Exactly the lines from the one with "Armónica de Madera" through the end of the records below are needed, minus any pictures.

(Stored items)
=-=-=
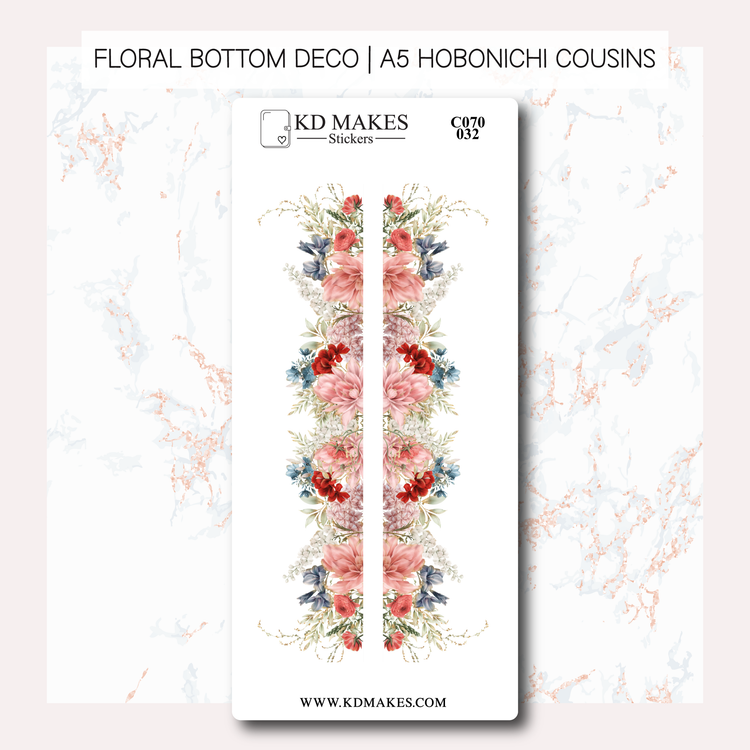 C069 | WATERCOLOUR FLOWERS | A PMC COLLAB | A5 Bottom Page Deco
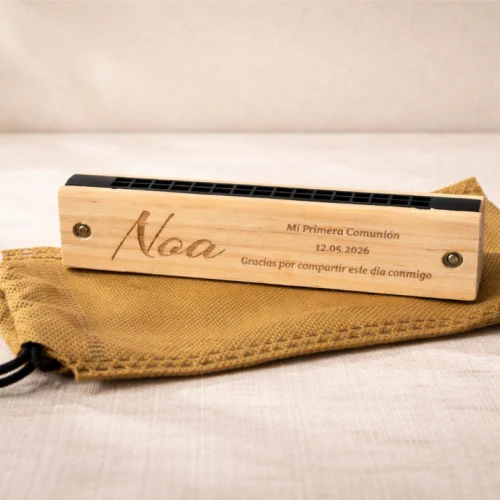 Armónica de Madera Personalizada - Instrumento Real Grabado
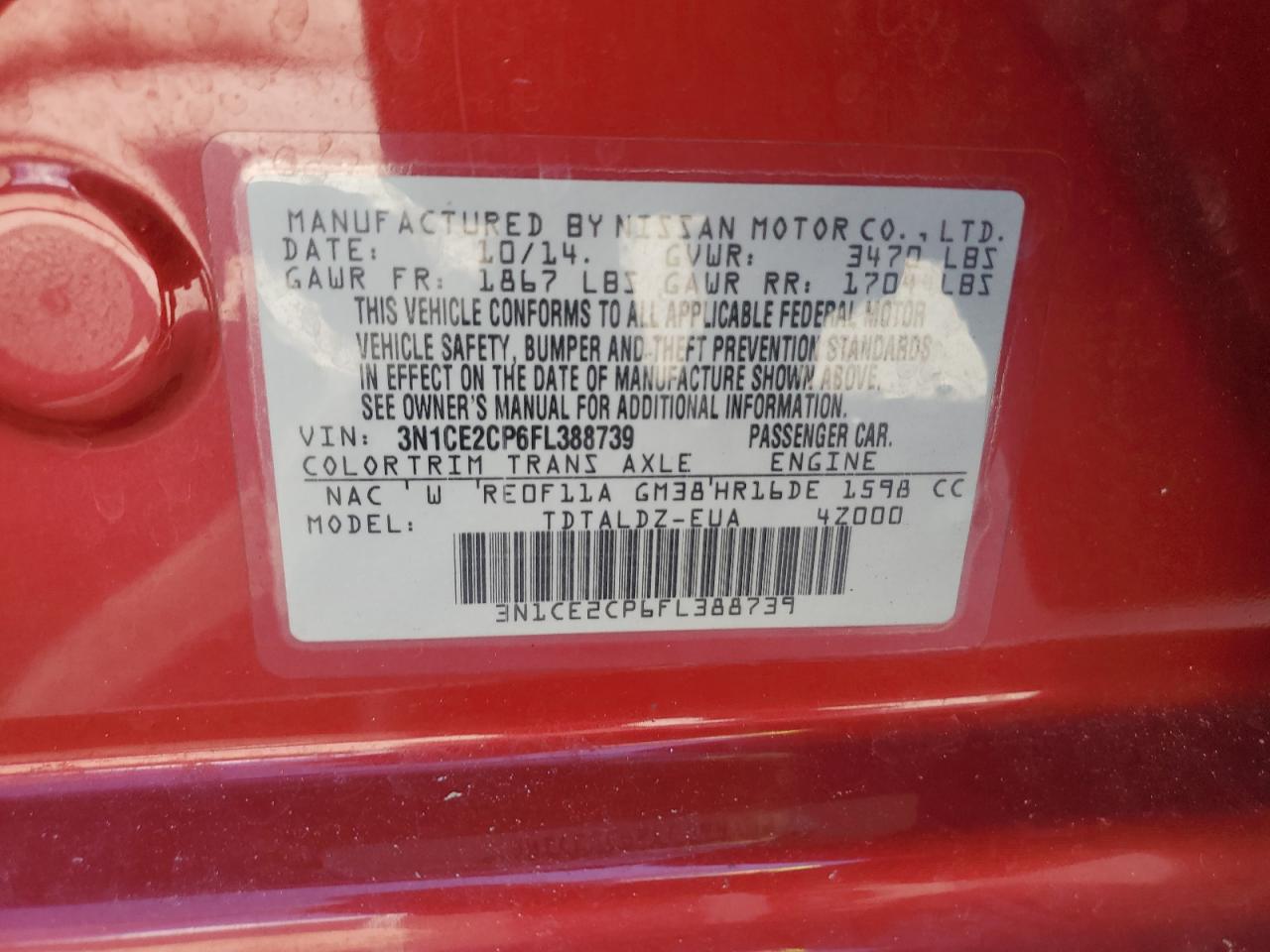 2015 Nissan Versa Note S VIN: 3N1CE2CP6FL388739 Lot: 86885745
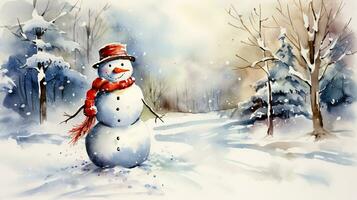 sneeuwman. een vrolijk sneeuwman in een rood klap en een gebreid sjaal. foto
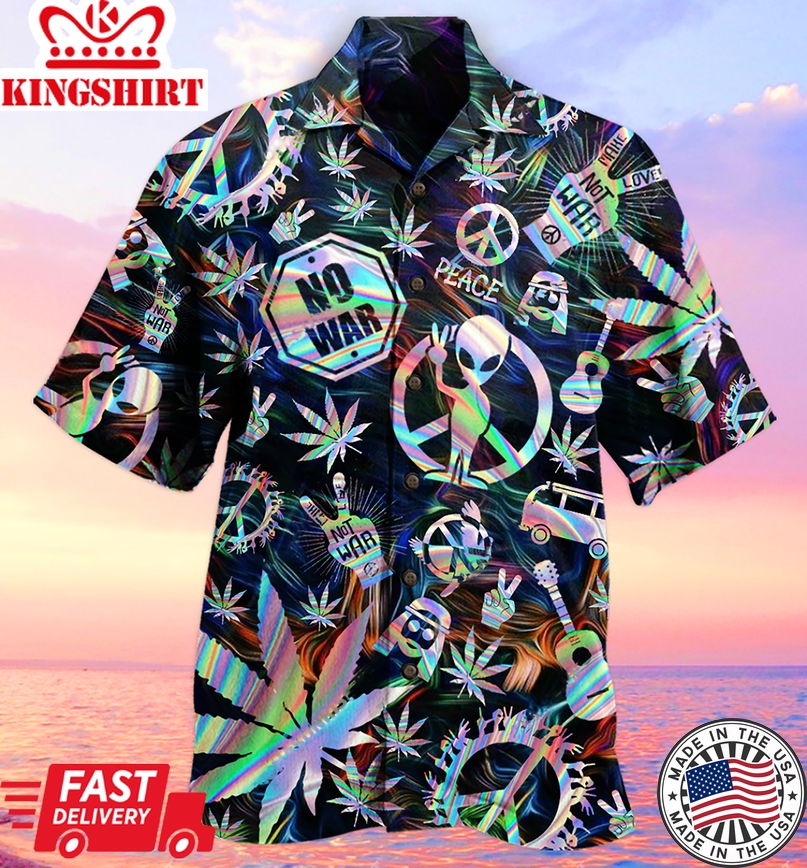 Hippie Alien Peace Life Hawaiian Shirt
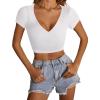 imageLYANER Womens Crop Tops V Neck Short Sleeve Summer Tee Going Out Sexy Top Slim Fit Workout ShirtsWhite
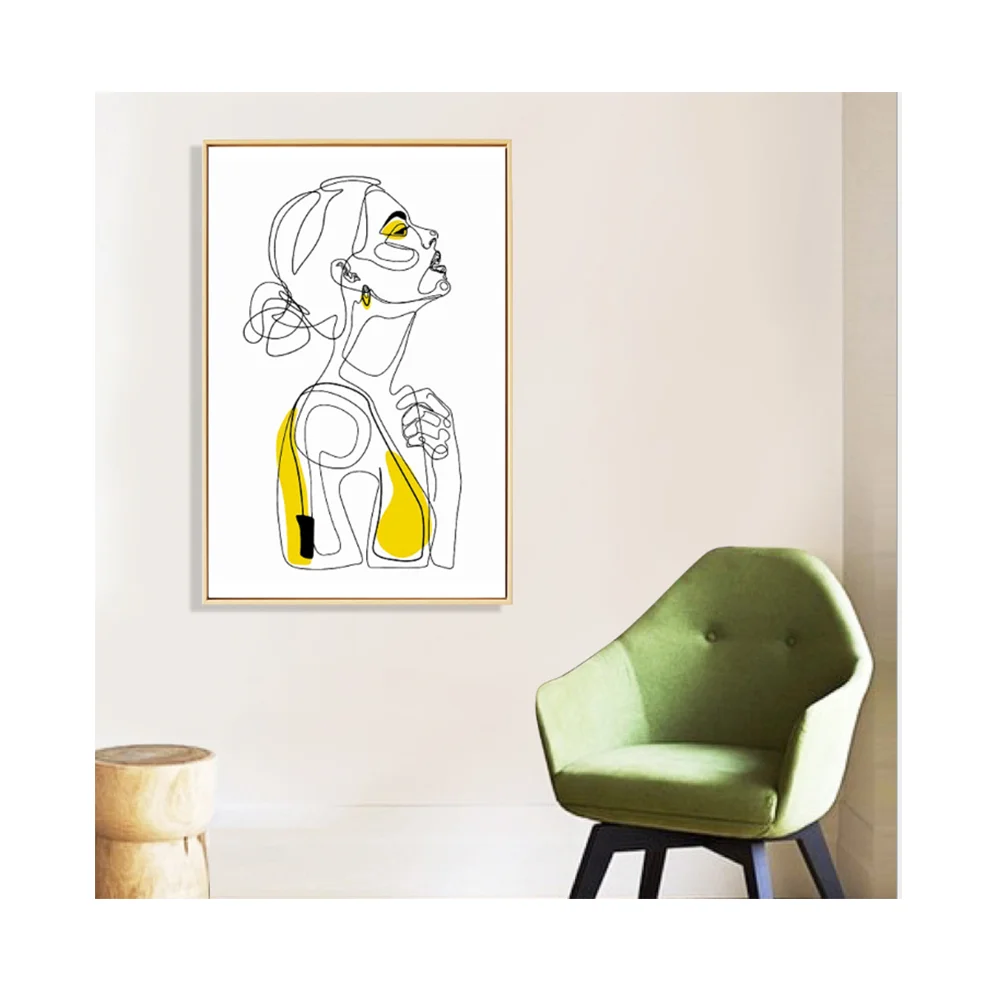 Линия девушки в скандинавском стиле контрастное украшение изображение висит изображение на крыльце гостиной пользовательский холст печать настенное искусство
=-=-=
### RESPONSE TO THIS EXERCISE
 Armónica de Madera Personalizada - Instrumento Real Grabado
 2015 Nissan Versa Note S VIN: 3N1CE2CP6FL388739 Lot: 86885745
 sneeuwman. een vrolijk sneeuwman in een rood klap en een gebreid sjaal. foto
 Hippie Alien Peace Life Hawaiian Shirt
 imageLYANER Womens Crop Tops V Neck Short Sleeve Summer Tee Going Out Sexy Top Slim Fit Workout ShirtsWhite
 Линия девушки в скандинавском стиле контрастное украшение изображение висит изображение на крыльце гостиной пользовательский холст печать настенное искусство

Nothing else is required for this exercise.